いや、「人生」とは言い過ぎか。久保川瑞穂(くぼかわみずほ)はそれから後も順調に進学と就職を果たし、大きな挫折もなく人生を過ごしてきた。だから、「恋愛」についてのみ、ケチがついてしまったのだ。
瑞穂が恋愛がうまくいかないと愚痴ると、人は口を揃えて言う。「理想が高すぎるせいだ」と。それは多分真実で、瑞穂も否定はしない。しかし、そうなってしまったのは、そもそもが高校時代のあの選択が原因となっている気がしてならない。
「悪いんだけど、渋沢君とは付き合うことないと思う。ていうか、絶対付き合わない」
「……」
瑞穂が高校二年生だった初夏のことだ。二人しかいない放課後の教室で、彼女は同級生の渋沢莞慈(しぶさわかんじ)に三度目の告白をされた。そして、その告白に対し瑞穂は、「嫌いじゃないけど友達としか思えない」とやんわりと断っていた一度目二度目とは打って変わり、徹底的に諦めさせようと断固たる態度を示した。

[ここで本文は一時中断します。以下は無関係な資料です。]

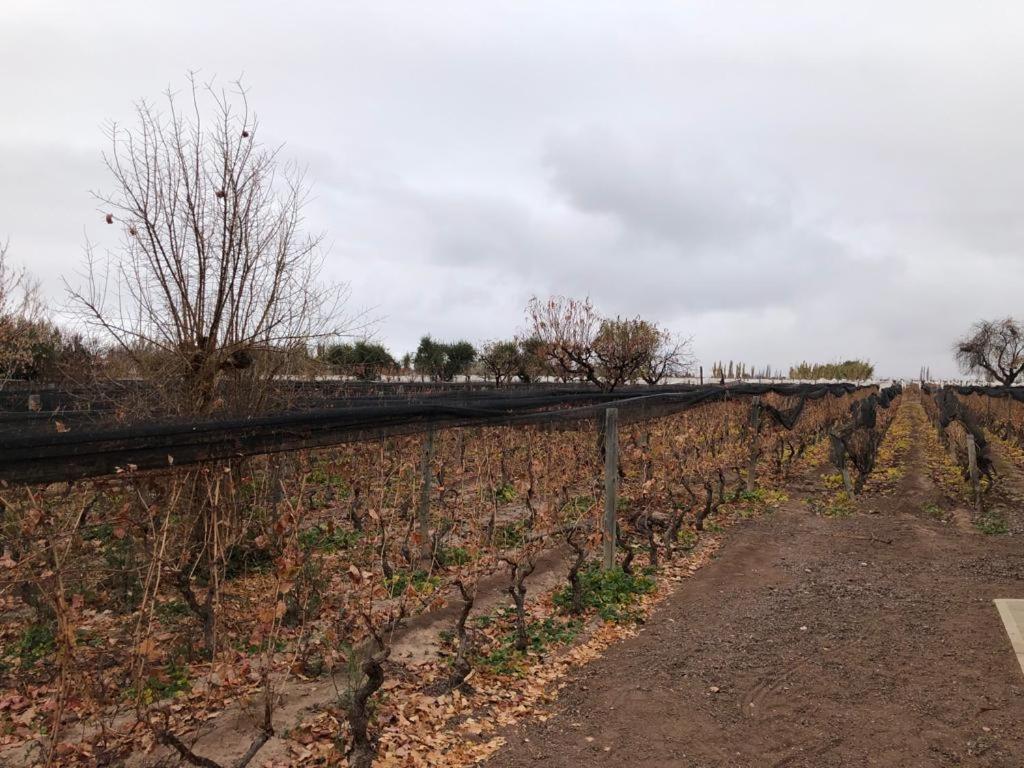 דירות Lujan de Cuyo Entre Vinedos מראה חיצוני תמונה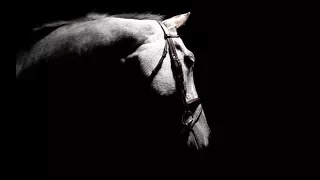 There's Nothing Holding Me Back - Equestrian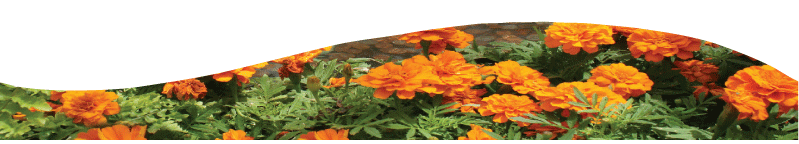 Marigold-Swoosh.gif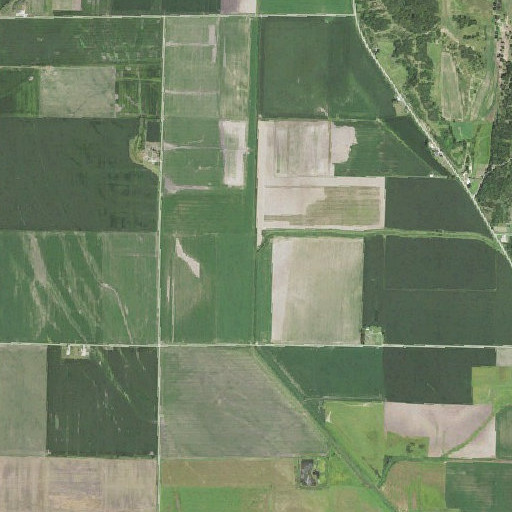 Aerial imagery of Steer Creek, IA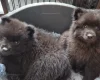 German Spitz (Mittel)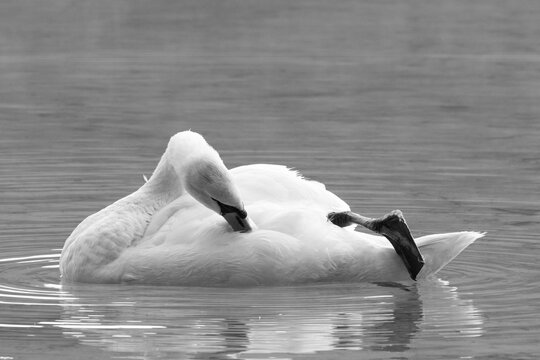 Cygne 2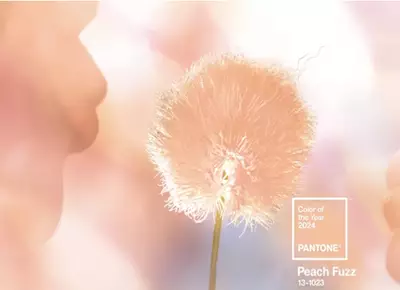 Peach Fuzz named Pantone Colour of the Year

それより一年以上前、瑞穂は高校に入ってから間もなく、自分に向けられる莞慈のわりとあからさまな好意に気が付いた。小中とモテるタイプではなかった瑞穂は、男子に恋心を抱かれることに、その気持ちが一度二度振られても諦めない強いものであることに、悪くはない気分ではあった。
しかし、勉強も運動も容姿も平均的且つ少々野暮ったい莞慈に心を動かされることはなく、瑞穂の中での彼の評価は「やさしくて善い人なんだけどね」どまりで、莞慈を恋愛対象とみなすことはなかった。
それでも、傷つけるのは気の毒で莞慈に冷たくできず、中途半端な態度とっていた瑞穂だったが、先日、瑞穂と莞慈が付き合っているという噂が立っていると友人の口から聞かされた。当時、瑞穂にはいいなと密かに想うバスケ部の先輩がおり、そんな噂が先輩の耳に入っては彼女は耐えられなかった。
そうして、瑞穂は三度目にして莞慈を完膚なきまでに振る覚悟を決めた。その行いは、莞慈の為にもなるはずだった。彼にとっても、実らない恋に貴重な青春の時間をこれ以上費やすのは、無駄でしかないからだ。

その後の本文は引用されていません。